→ **Required work**: Please retype the records below exactly as they stand.

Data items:
'''

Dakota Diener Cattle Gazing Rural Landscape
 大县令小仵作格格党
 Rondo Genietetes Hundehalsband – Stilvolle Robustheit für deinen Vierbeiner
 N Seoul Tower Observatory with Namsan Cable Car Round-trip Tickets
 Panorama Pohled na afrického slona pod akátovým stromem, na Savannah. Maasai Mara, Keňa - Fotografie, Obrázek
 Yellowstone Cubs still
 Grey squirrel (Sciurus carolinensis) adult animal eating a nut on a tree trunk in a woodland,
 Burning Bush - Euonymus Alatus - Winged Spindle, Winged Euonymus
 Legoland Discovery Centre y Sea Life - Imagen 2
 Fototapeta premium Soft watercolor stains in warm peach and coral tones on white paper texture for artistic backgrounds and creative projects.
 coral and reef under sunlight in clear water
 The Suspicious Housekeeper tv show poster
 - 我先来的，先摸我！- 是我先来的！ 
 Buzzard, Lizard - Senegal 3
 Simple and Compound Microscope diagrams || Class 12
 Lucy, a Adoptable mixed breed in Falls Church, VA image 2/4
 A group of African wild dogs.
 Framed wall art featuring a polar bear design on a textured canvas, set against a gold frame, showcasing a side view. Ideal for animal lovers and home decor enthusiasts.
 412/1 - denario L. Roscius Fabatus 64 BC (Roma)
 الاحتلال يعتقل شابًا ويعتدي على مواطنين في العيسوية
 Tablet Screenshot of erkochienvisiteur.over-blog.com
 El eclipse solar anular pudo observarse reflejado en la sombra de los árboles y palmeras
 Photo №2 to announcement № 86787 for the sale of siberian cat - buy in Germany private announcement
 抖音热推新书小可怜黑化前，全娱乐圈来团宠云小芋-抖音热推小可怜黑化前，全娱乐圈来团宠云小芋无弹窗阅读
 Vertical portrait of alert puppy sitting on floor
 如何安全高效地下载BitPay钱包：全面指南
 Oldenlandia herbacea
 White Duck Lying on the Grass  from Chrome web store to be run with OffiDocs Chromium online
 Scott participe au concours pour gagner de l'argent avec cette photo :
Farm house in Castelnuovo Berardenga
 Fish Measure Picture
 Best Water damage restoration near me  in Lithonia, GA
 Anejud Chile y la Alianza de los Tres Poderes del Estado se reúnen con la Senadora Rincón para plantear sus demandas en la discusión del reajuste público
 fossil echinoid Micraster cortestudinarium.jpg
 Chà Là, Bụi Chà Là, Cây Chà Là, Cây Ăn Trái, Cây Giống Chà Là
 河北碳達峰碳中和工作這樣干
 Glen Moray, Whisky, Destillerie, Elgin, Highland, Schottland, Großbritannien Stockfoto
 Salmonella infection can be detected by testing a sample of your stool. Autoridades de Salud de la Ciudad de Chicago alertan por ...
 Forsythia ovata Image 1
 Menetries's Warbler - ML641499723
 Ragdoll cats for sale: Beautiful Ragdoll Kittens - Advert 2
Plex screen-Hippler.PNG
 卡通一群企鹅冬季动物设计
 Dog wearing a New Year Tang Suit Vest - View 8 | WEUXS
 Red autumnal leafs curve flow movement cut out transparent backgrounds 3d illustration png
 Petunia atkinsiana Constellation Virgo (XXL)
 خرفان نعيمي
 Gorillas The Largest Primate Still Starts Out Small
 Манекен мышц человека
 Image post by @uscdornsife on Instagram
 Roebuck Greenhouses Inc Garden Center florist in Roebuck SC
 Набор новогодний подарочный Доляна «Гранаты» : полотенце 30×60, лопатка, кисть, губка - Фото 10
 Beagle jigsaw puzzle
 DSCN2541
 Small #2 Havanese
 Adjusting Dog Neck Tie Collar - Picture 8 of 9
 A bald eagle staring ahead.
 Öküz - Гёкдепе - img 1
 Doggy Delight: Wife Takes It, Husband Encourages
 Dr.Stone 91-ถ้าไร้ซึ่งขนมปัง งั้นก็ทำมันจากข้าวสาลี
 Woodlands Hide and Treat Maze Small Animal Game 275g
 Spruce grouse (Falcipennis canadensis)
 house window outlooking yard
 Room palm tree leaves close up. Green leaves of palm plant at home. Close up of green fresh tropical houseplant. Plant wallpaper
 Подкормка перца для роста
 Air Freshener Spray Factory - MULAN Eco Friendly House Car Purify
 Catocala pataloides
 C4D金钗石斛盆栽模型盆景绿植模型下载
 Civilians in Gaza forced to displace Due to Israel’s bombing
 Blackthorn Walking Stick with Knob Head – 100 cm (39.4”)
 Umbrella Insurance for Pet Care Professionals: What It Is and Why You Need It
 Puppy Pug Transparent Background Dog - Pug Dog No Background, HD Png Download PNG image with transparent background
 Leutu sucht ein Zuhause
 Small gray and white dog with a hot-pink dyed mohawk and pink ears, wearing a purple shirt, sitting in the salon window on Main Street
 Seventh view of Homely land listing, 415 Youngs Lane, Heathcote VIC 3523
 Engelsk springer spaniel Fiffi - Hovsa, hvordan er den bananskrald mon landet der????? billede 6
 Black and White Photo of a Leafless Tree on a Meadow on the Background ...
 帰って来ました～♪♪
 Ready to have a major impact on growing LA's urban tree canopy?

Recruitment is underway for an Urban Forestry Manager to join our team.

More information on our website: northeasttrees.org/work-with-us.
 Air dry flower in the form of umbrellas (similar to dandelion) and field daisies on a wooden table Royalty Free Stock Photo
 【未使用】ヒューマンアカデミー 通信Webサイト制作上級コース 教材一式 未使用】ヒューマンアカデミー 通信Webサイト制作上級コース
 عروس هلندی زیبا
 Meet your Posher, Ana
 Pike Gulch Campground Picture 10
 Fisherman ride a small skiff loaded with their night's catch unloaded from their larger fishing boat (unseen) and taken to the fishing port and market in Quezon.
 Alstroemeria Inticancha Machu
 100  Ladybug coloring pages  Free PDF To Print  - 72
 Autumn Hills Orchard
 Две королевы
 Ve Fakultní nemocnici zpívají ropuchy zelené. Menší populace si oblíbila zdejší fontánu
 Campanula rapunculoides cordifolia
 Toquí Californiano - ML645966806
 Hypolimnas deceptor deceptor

'''

→ **Output for this task**:
Dakota Diener Cattle Gazing Rural Landscape
 大县令小仵作格格党
 Rondo Genietetes Hundehalsband – Stilvolle Robustheit für deinen Vierbeiner
 N Seoul Tower Observatory with Namsan Cable Car Round-trip Tickets
 Panorama Pohled na afrického slona pod akátovým stromem, na Savannah. Maasai Mara, Keňa - Fotografie, Obrázek
 Yellowstone Cubs still
 Grey squirrel (Sciurus carolinensis) adult animal eating a nut on a tree trunk in a woodland,
 Burning Bush - Euonymus Alatus - Winged Spindle, Winged Euonymus
 Legoland Discovery Centre y Sea Life - Imagen 2
 Fototapeta premium Soft watercolor stains in warm peach and coral tones on white paper texture for artistic backgrounds and creative projects.
 coral and reef under sunlight in clear water
 The Suspicious Housekeeper tv show poster
 - 我先来的，先摸我！- 是我先来的！ 
 Buzzard, Lizard - Senegal 3
 Simple and Compound Microscope diagrams || Class 12
 Lucy, a Adoptable mixed breed in Falls Church, VA image 2/4
 A group of African wild dogs.
 Framed wall art featuring a polar bear design on a textured canvas, set against a gold frame, showcasing a side view. Ideal for animal lovers and home decor enthusiasts.
 412/1 - denario L. Roscius Fabatus 64 BC (Roma)
 الاحتلال يعتقل شابًا ويعتدي على مواطنين في العيسوية
 Tablet Screenshot of erkochienvisiteur.over-blog.com
 El eclipse solar anular pudo observarse reflejado en la sombra de los árboles y palmeras
 Photo №2 to announcement № 86787 for the sale of siberian cat - buy in Germany private announcement
 抖音热推新书小可怜黑化前，全娱乐圈来团宠云小芋-抖音热推小可怜黑化前，全娱乐圈来团宠云小芋无弹窗阅读
 Vertical portrait of alert puppy sitting on floor
 如何安全高效地下载BitPay钱包：全面指南
 Oldenlandia herbacea
 White Duck Lying on the Grass  from Chrome web store to be run with OffiDocs Chromium online
 Scott participe au concours pour gagner de l'argent avec cette photo :
Farm house in Castelnuovo Berardenga
 Fish Measure Picture
 Best Water damage restoration near me  in Lithonia, GA
 Anejud Chile y la Alianza de los Tres Poderes del Estado se reúnen con la Senadora Rincón para plantear sus demandas en la discusión del reajuste público
 fossil echinoid Micraster cortestudinarium.jpg
 Chà Là, Bụi Chà Là, Cây Chà Là, Cây Ăn Trái, Cây Giống Chà Là
 河北碳達峰碳中和工作這樣干
 Glen Moray, Whisky, Destillerie, Elgin, Highland, Schottland, Großbritannien Stockfoto
 Salmonella infection can be detected by testing a sample of your stool. Autoridades de Salud de la Ciudad de Chicago alertan por ...
 Forsythia ovata Image 1
 Menetries's Warbler - ML641499723
 Ragdoll cats for sale: Beautiful Ragdoll Kittens - Advert 2
Plex screen-Hippler.PNG
 卡通一群企鹅冬季动物设计
 Dog wearing a New Year Tang Suit Vest - View 8 | WEUXS
 Red autumnal leafs curve flow movement cut out transparent backgrounds 3d illustration png
 Petunia atkinsiana Constellation Virgo (XXL)
 خرفان نعيمي
 Gorillas The Largest Primate Still Starts Out Small
 Манекен мышц человека
 Image post by @uscdornsife on Instagram
 Roebuck Greenhouses Inc Garden Center florist in Roebuck SC
 Набор новогодний подарочный Доляна «Гранаты» : полотенце 30×60, лопатка, кисть, губка - Фото 10
 Beagle jigsaw puzzle
 DSCN2541
 Small #2 Havanese
 Adjusting Dog Neck Tie Collar - Picture 8 of 9
 A bald eagle staring ahead.
 Öküz - Гёкдепе - img 1
 Doggy Delight: Wife Takes It, Husband Encourages
 Dr.Stone 91-ถ้าไร้ซึ่งขนมปัง งั้นก็ทำมันจากข้าวสาลี
 Woodlands Hide and Treat Maze Small Animal Game 275g
 Spruce grouse (Falcipennis canadensis)
 house window outlooking yard
 Room palm tree leaves close up. Green leaves of palm plant at home. Close up of green fresh tropical houseplant. Plant wallpaper
 Подкормка перца для роста
 Air Freshener Spray Factory - MULAN Eco Friendly House Car Purify
 Catocala pataloides
 C4D金钗石斛盆栽模型盆景绿植模型下载
 Civilians in Gaza forced to displace Due to Israel’s bombing
 Blackthorn Walking Stick with Knob Head – 100 cm (39.4”)
 Umbrella Insurance for Pet Care Professionals: What It Is and Why You Need It
 Puppy Pug Transparent Background Dog - Pug Dog No Background, HD Png Download PNG image with transparent background
 Leutu sucht ein Zuhause
 Small gray and white dog with a hot-pink dyed mohawk and pink ears, wearing a purple shirt, sitting in the salon window on Main Street
 Seventh view of Homely land listing, 415 Youngs Lane, Heathcote VIC 3523
 Engelsk springer spaniel Fiffi - Hovsa, hvordan er den bananskrald mon landet der????? billede 6
 Black and White Photo of a Leafless Tree on a Meadow on the Background ...
 帰って来ました～♪♪
 Ready to have a major impact on growing LA's urban tree canopy?

Recruitment is underway for an Urban Forestry Manager to join our team.

More information on our website: northeasttrees.org/work-with-us.
 Air dry flower in the form of umbrellas (similar to dandelion) and field daisies on a wooden table Royalty Free Stock Photo
 【未使用】ヒューマンアカデミー 通信Webサイト制作上級コース 教材一式 未使用】ヒューマンアカデミー 通信Webサイト制作上級コース
 عروس هلندی زیبا
 Meet your Posher, Ana
 Pike Gulch Campground Picture 10
 Fisherman ride a small skiff loaded with their night's catch unloaded from their larger fishing boat (unseen) and taken to the fishing port and market in Quezon.
 Alstroemeria Inticancha Machu
 100  Ladybug coloring pages  Free PDF To Print  - 72
 Autumn Hills Orchard
 Две королевы
 Ve Fakultní nemocnici zpívají ropuchy zelené. Menší populace si oblíbila zdejší fontánu
 Campanula rapunculoides cordifolia
 Toquí Californiano - ML645966806
 Hypolimnas deceptor deceptor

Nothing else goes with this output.